From CRAIN’S CLEVELAND BUSINESS (November 21, 2013)
Pursuit of downtown pedestrian bridge to Cleveland's lakefront resumes
A long-discussed pedestrian bridge that would link the new convention center in downtown Cleveland with the lakefront is being pursued once again following the project's failure to win a federal transportation grant in September.
The bridge is a key piece in the $350 million downtown development plan announced last June by Mayor Frank Jackson and Cuyahoga County Executive Ed FitzGerald. Although they still are struggling to put together a financing package for the project, the pair has submitted to their respective legislative councils a cooperative agreement for the planned convention center hotel that includes a financial commitment from each government for the bridge.
The hotel would be built adjacent to the convention center and Global Center for Health Innovation on the site of the recently vacated county administration building.

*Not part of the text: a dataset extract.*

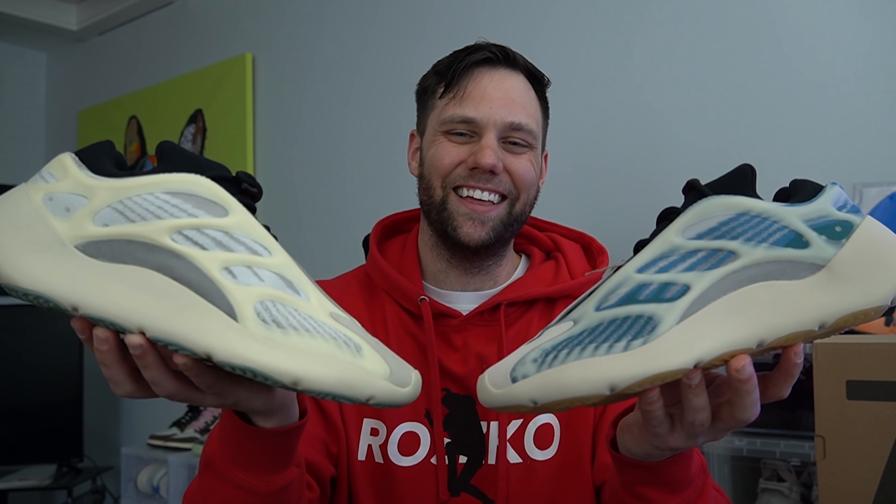Quickly, let me show you all of them. So we have Kyanite, Azarith, Safflower, and Clay Brown. Low-key the black 700 V3s, Clay Brown and Alvis, have the best glow. The Alvis — aka the Batman 700 V3s — and then you have the original OGs, which is the more iconic colorway. I haven't worn these in a while because if you've noticed, the resale price on this shoe is insane.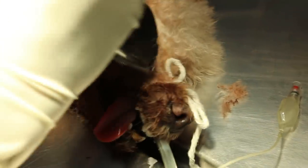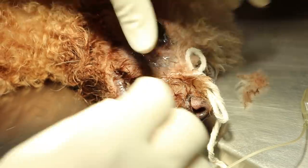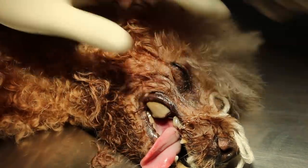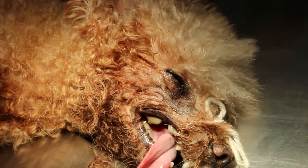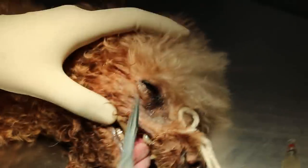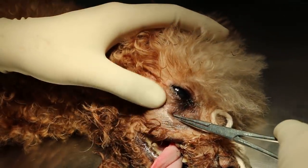So we show the premolar 4 root. Open up. You can see that there's a hole going into the root of the wound up there. You can see this is the oral-nasal fistula — it's an open wound.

Plans for the bridge were dashed when the city learned in September that it had not won a $17 million federal Transportation Investment Generating Economic Recovery, or TIGER, grant to cover a portion of the estimated $47 million cost. The bridge would span the Shoreway and the railroad tracks between the north edge of the Mall above the convention center and the Great Lakes Science Center and the Rock and Roll Hall of Fame on the lakefront; it would include a parking garage midway across the span.

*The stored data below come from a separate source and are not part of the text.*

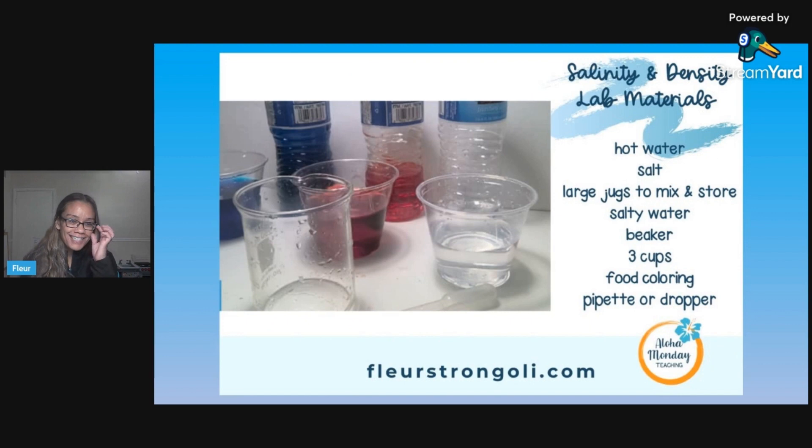This salinity and density lab is really fun. Me and my teammate did this last school year — we've done it twice now. It's a lot of fun because we made it so the kids have to guess which water has the most salinity. We don't tell them what has more salt. They have to figure it out, which helps them understand how salinity and density are related.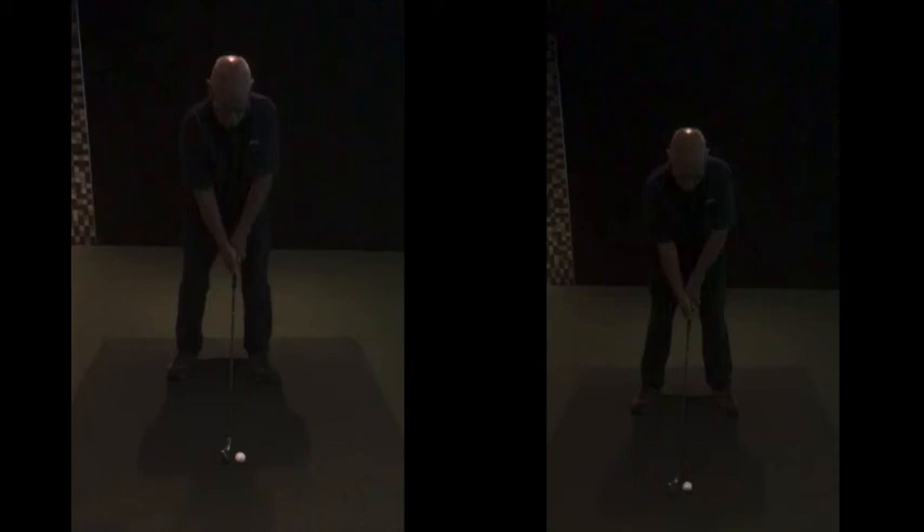Just be careful with the ball position. Now with the 5, 7, and 9 irons, ideally speaking we still want to have it in a similar spot — just left of your centre. If it does get a little bit far forward with those clubs, it wouldn't be as much of an issue because the club is shallower to the ground for longer.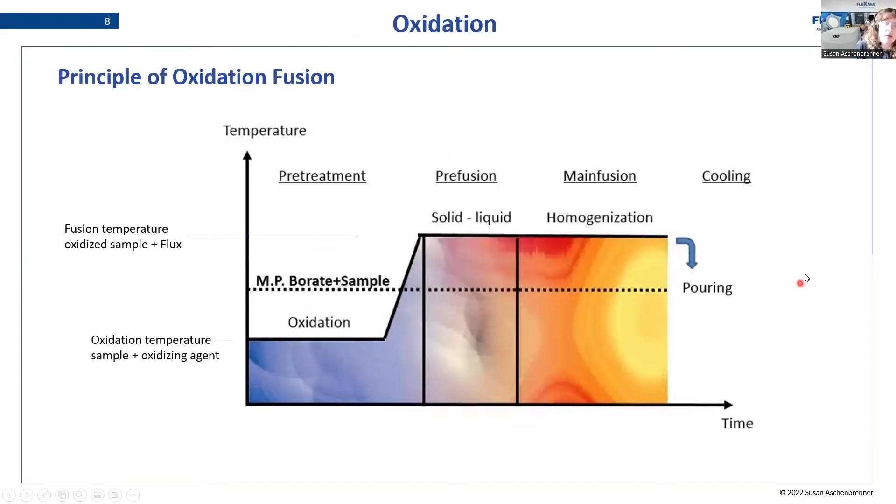What does an oxidative fusion look like? There is a lower temperature for the oxidation that is well below the melting point of the borate and the sample — here you have the sample and oxidizing agent reacting to get your sample oxidized. Then you raise to the fusion temperature and the solid-to-liquid transformation and homogenization happen. Then it is poured, cooled, and you obtain the fused bead without destroying your crucibles.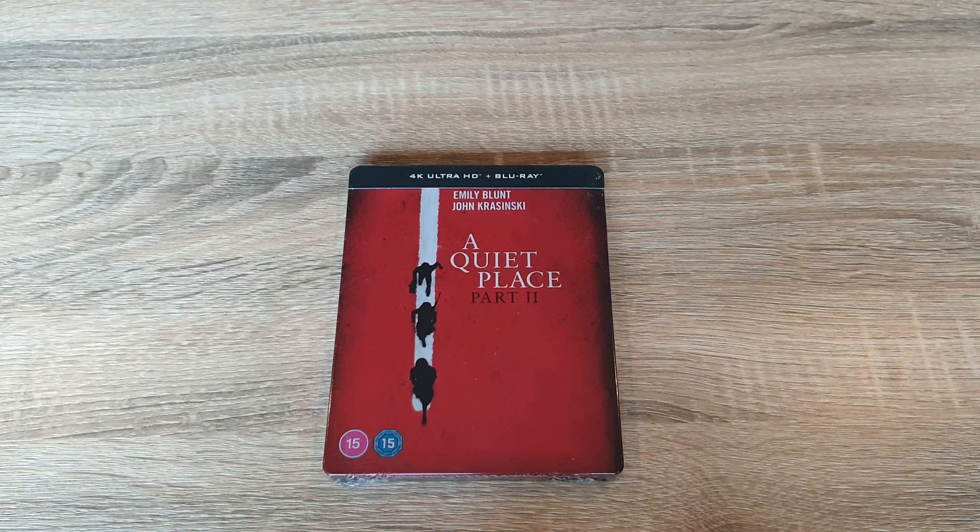Hello guys, big welcome back to my channel. I'm Darren from Awesome Steels, and as you can see today I'm going to be bringing you another steelbook unboxing. We're going to be checking out the 4K steelbook of A Quiet Place 2. So let's do this.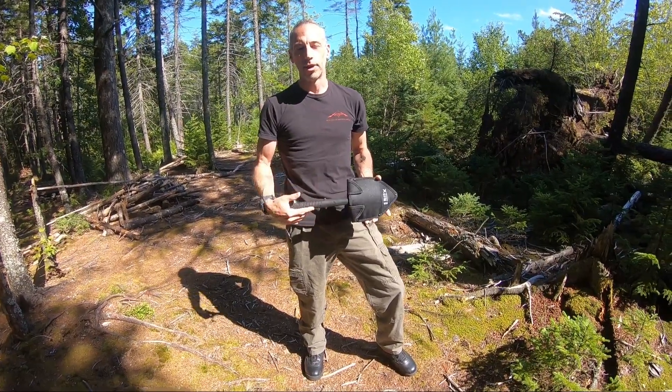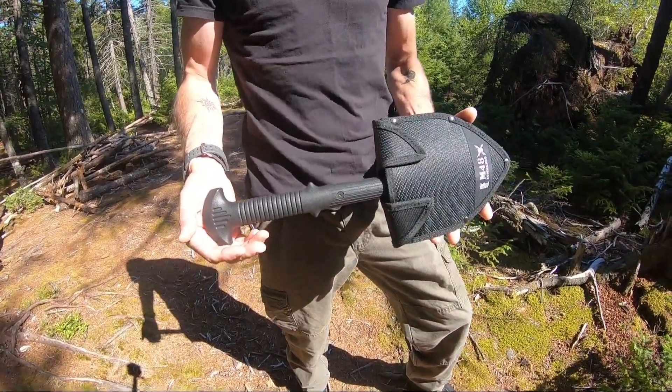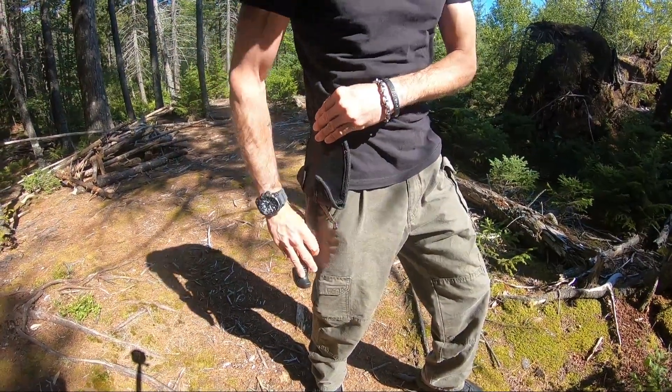Jason here from Atlantic Knives. Today we're out reviewing the M48 Commando combat shovel. These have a really nice case with dual velcro, and can also be worn on your side with the shovel pulled out from the bottom.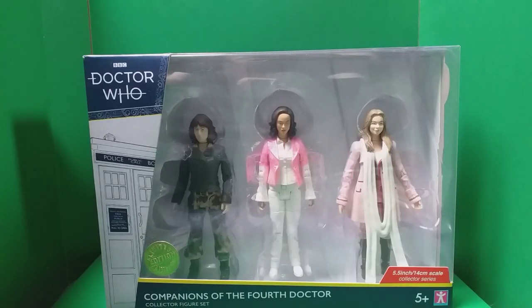Hello everyone, welcome back to another Doctor Who figure review. Today I'm going to be taking a look at the brand new Companions of the 4th Doctor Collector figure set. In the UK these are being sold in B&M, and I believe you can also get these in America and Australia. If anyone in Australia can put a link in the comments, that would be great. I also believe these are being put on Amazon in America.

The city and county each pledged $10 million for the project. The city would have bonded its portion, but Mayor Jackson told Crain's on Tuesday, Nov. 19, “Since we lost the TIGER grant, we held off on borrowing this money.”
County consultant Jeffrey Appelbaum, who has been overseeing the convention center and the hotel projects, told County Council on Tuesday that the county would fund its $10 million share as part a cooperative agreement with the city and the Cleveland-Cuyahoga County Port Authority to build and finance the convention center hotel. The Port Authority will be the owner of record of the new hotel.
Ken Silliman, Mayor Jackson's chief of staff, said Tuesday that legislation to create the cooperative agreement also will be before Cleveland City Council next week. He said because the parking garage would be self-sustaining, the city could issue $10 million to cover the cost of the garage and the section of the bridge attached to it.
But, he added, the city has not yet found a source for the $17.5 million gap.
The idea of a bridge has been talked about for years. It became more concrete when it was included in the lakefront plan Mayor Jackson unveiled in 2011.